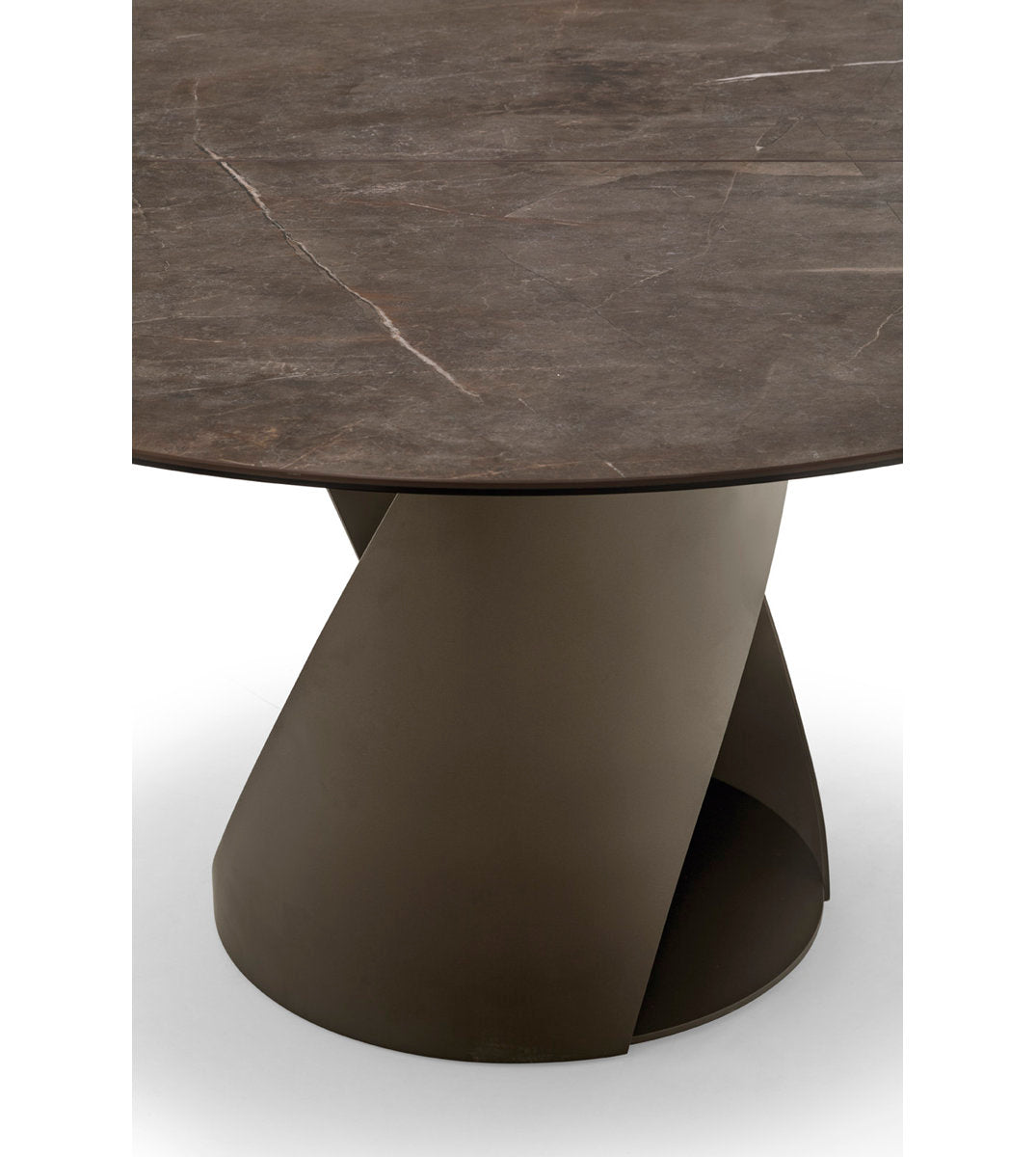 Cyclone Extendable Tables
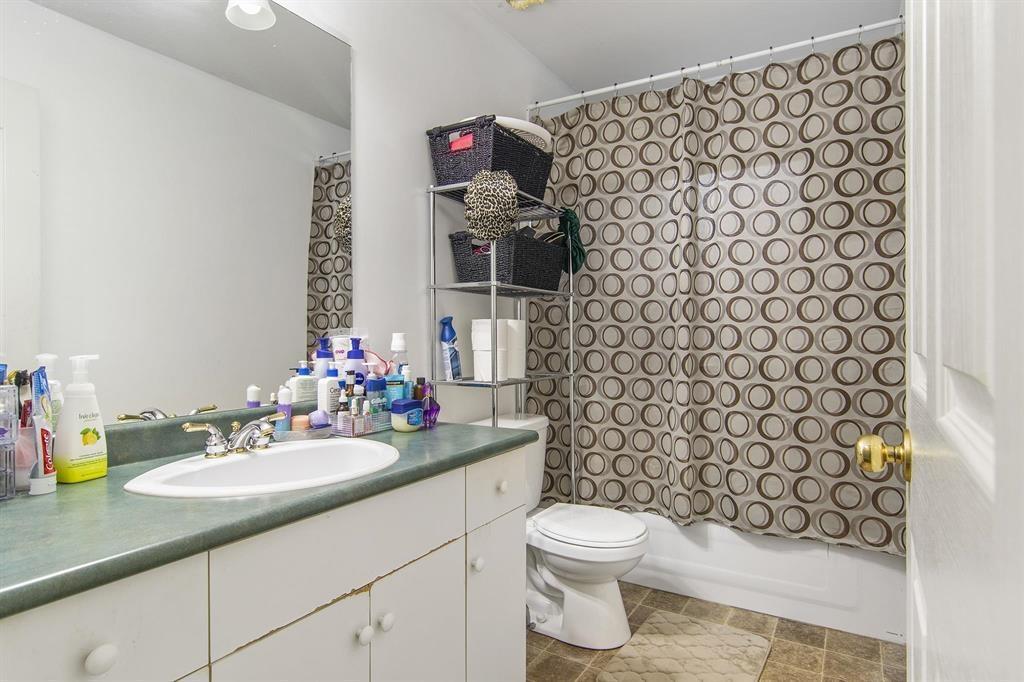 8025 D'herbomez Drive, Mission, British Columbia V2V 7B7 - Photo 25 - R3070604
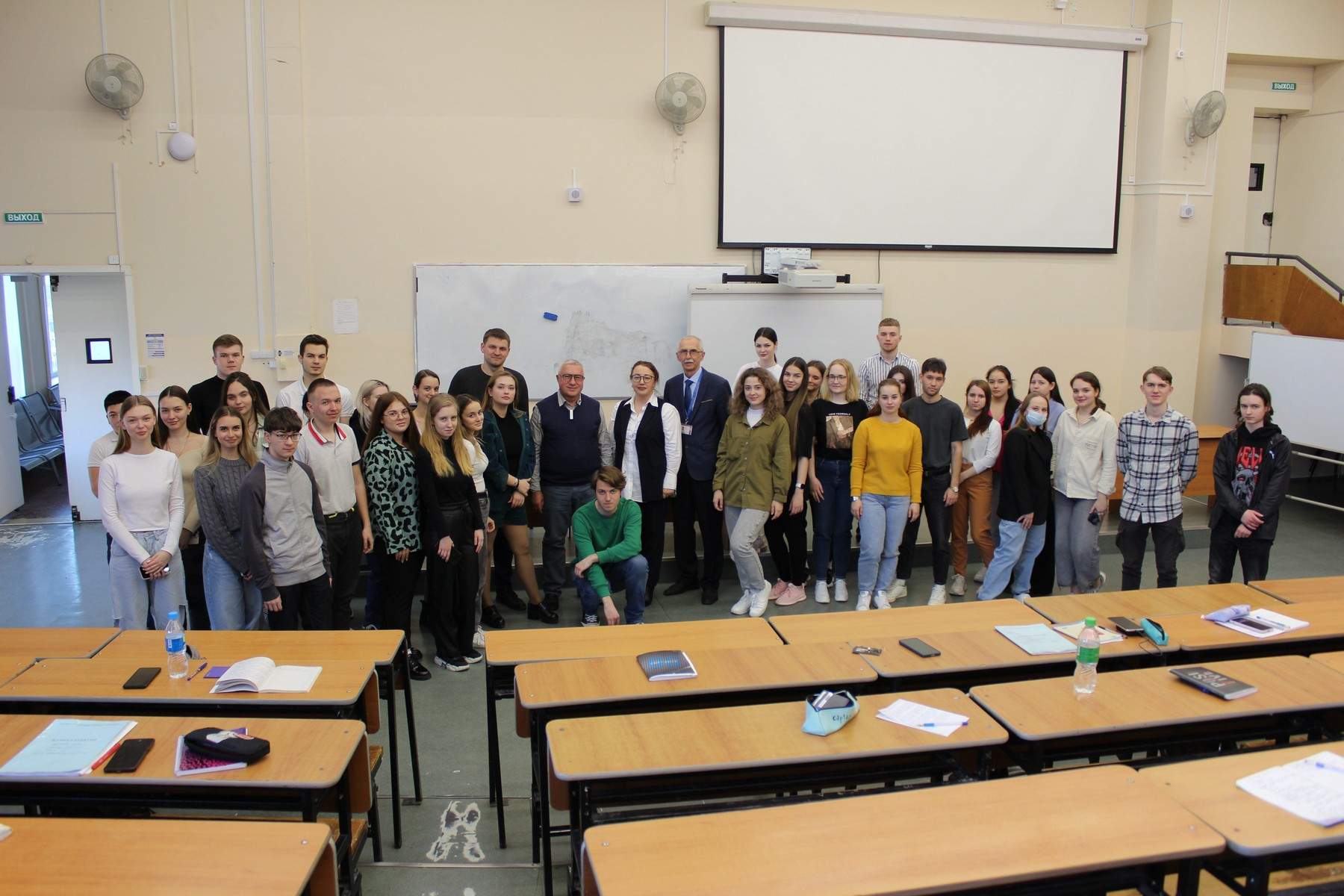 Студенты первокурсники Института права ВВГУ встретились с известными юристами-практиками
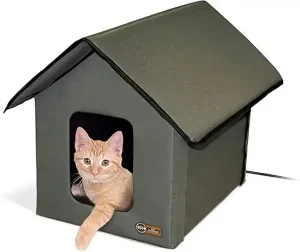 Top Outdoor Cat Houses Review 1 K&H Pet Products Outdoor Heated Kitty House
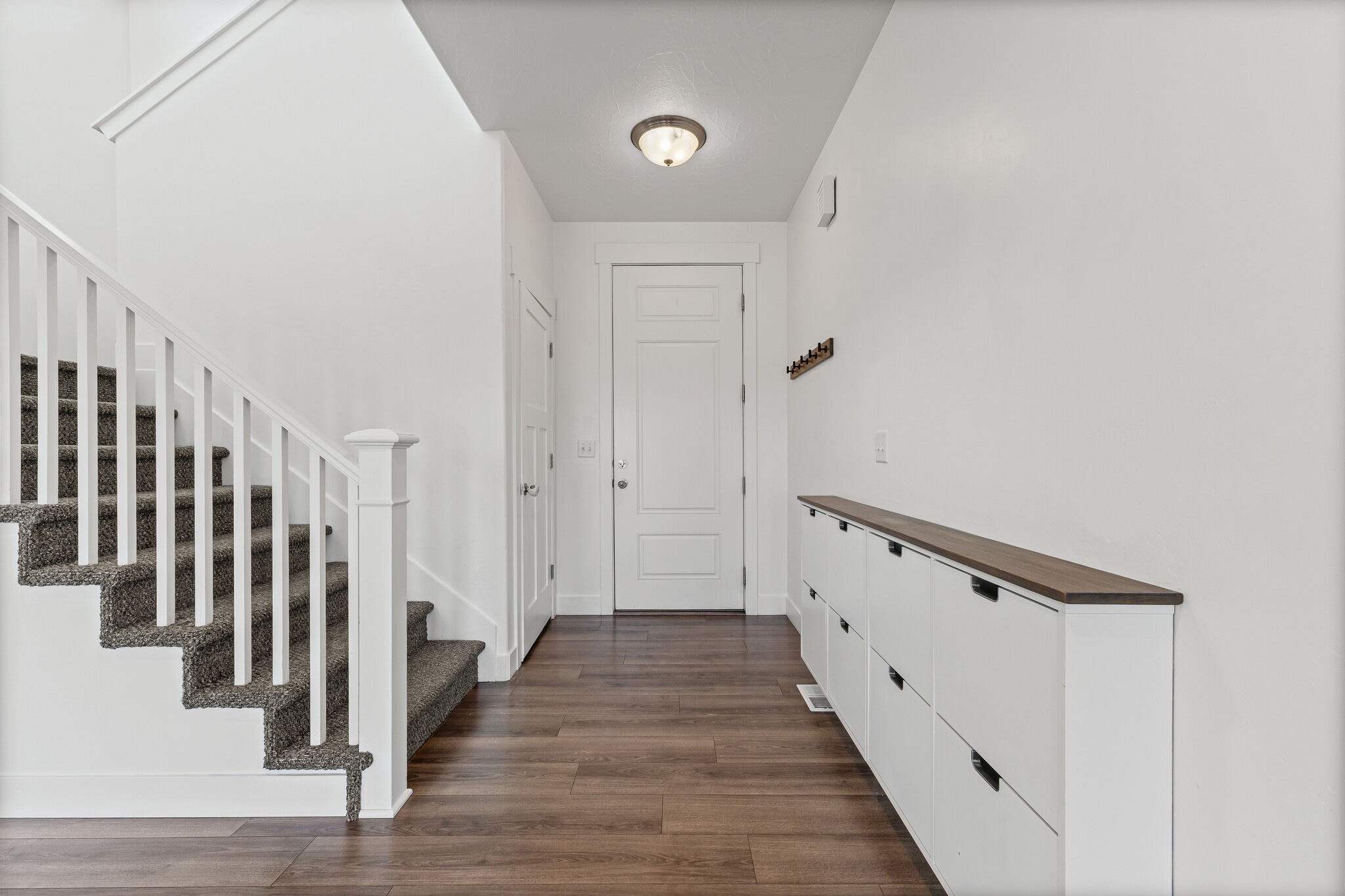 Entryway - 4877 E Silver Ridge Rd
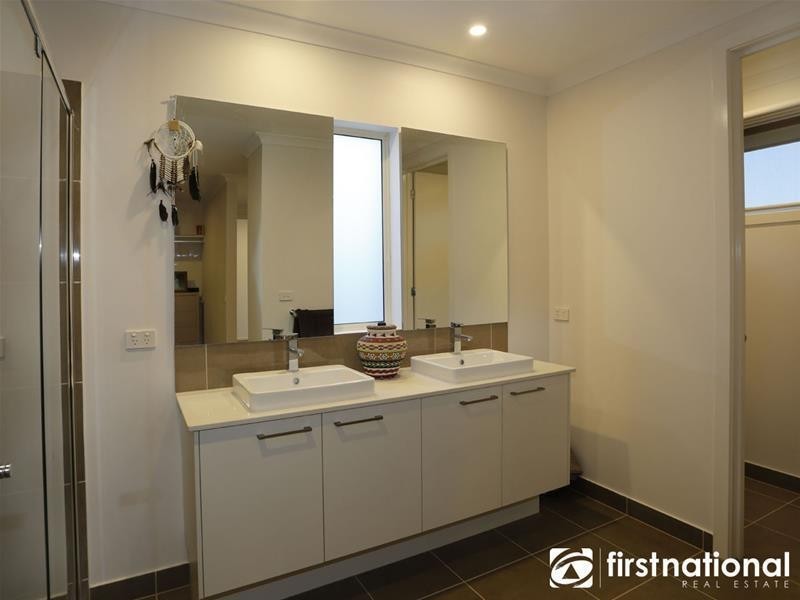 7 Marblelight Way, Clyde North VIC 3978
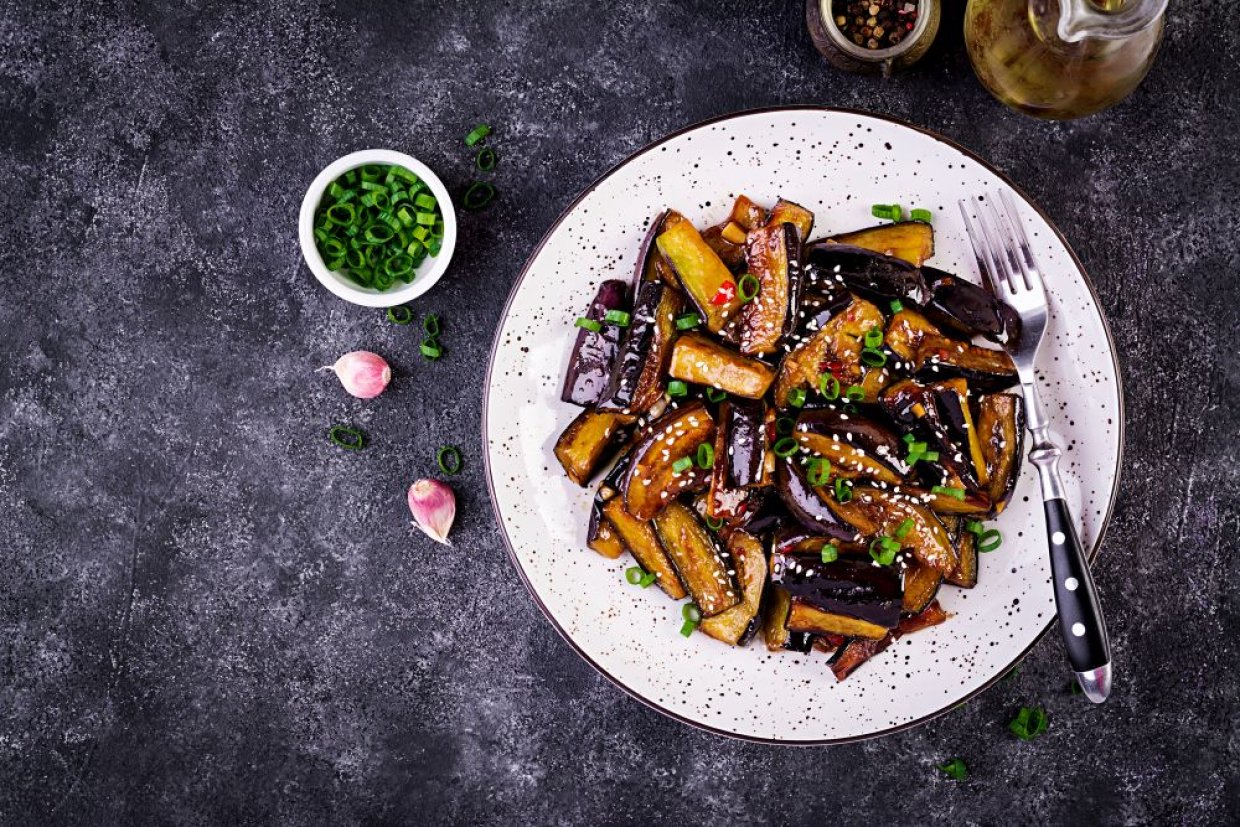 Хрустящие баклажаны в кисло-сладком соусе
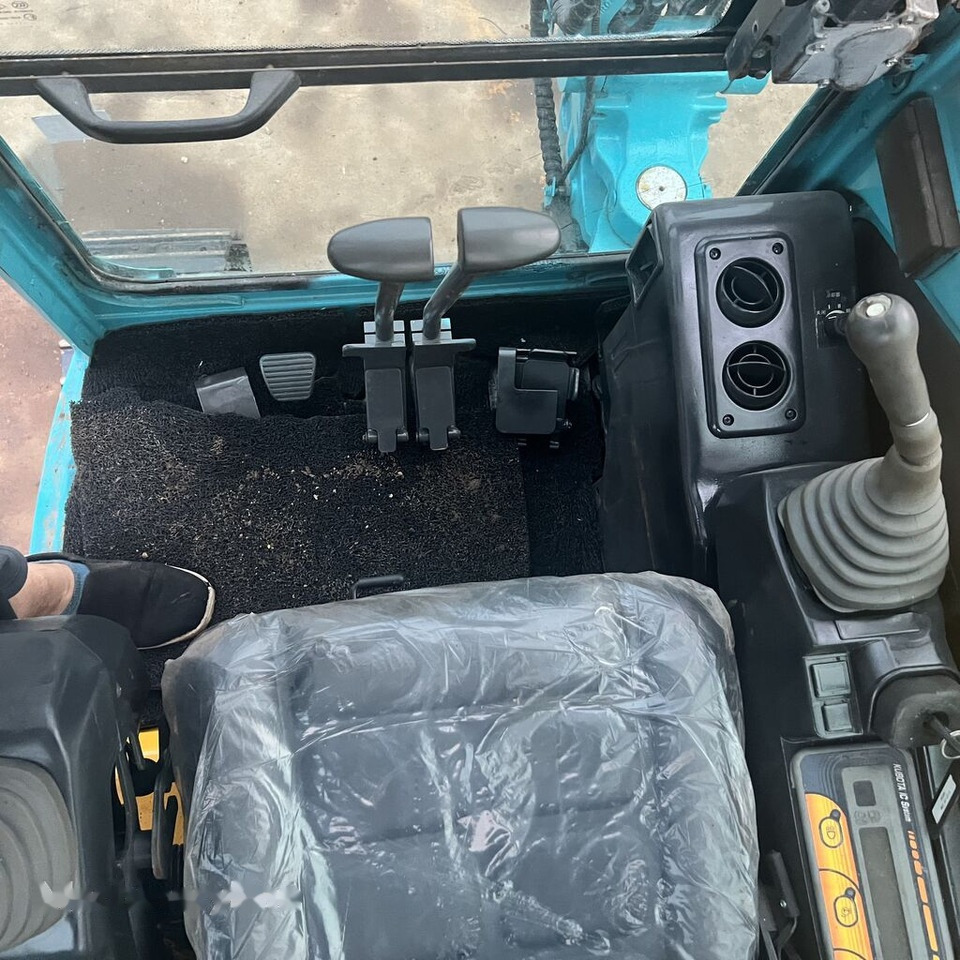 Kubota U25S - Гусеничный экскаватор: фото 5 Kubota U25S - Гусеничный экскаватор: фото 5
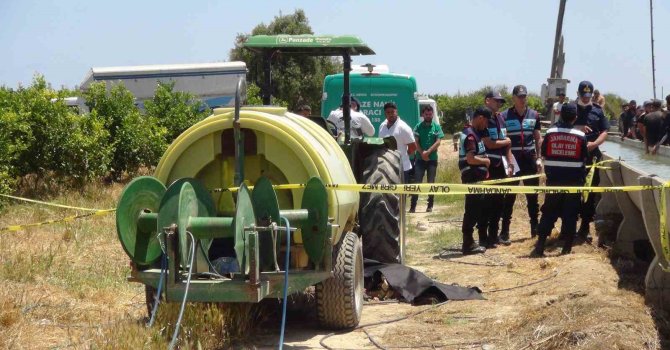 Traktör ile ilaç tankının arasındaki şafta kıyafetleri dolanan kız feci şekilde can verdi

» **Assignment**: Nothing but the pictures should be left out when the records are retyped exactly.

» **Solved exercise**:
 Cyclone Extendable Tables
 8025 D'herbomez Drive, Mission, British Columbia V2V 7B7 - Photo 25 - R3070604
 Студенты первокурсники Института права ВВГУ встретились с известными юристами-практиками
 Top Outdoor Cat Houses Review 1 K&H Pet Products Outdoor Heated Kitty House
 Entryway - 4877 E Silver Ridge Rd
 7 Marblelight Way, Clyde North VIC 3978
 Хрустящие баклажаны в кисло-сладком соусе
 Kubota U25S - Гусеничный экскаватор: фото 5 Kubota U25S - Гусеничный экскаватор: фото 5
 Traktör ile ilaç tankının arasındaki şafta kıyafetleri dolanan kız feci şekilde can verdi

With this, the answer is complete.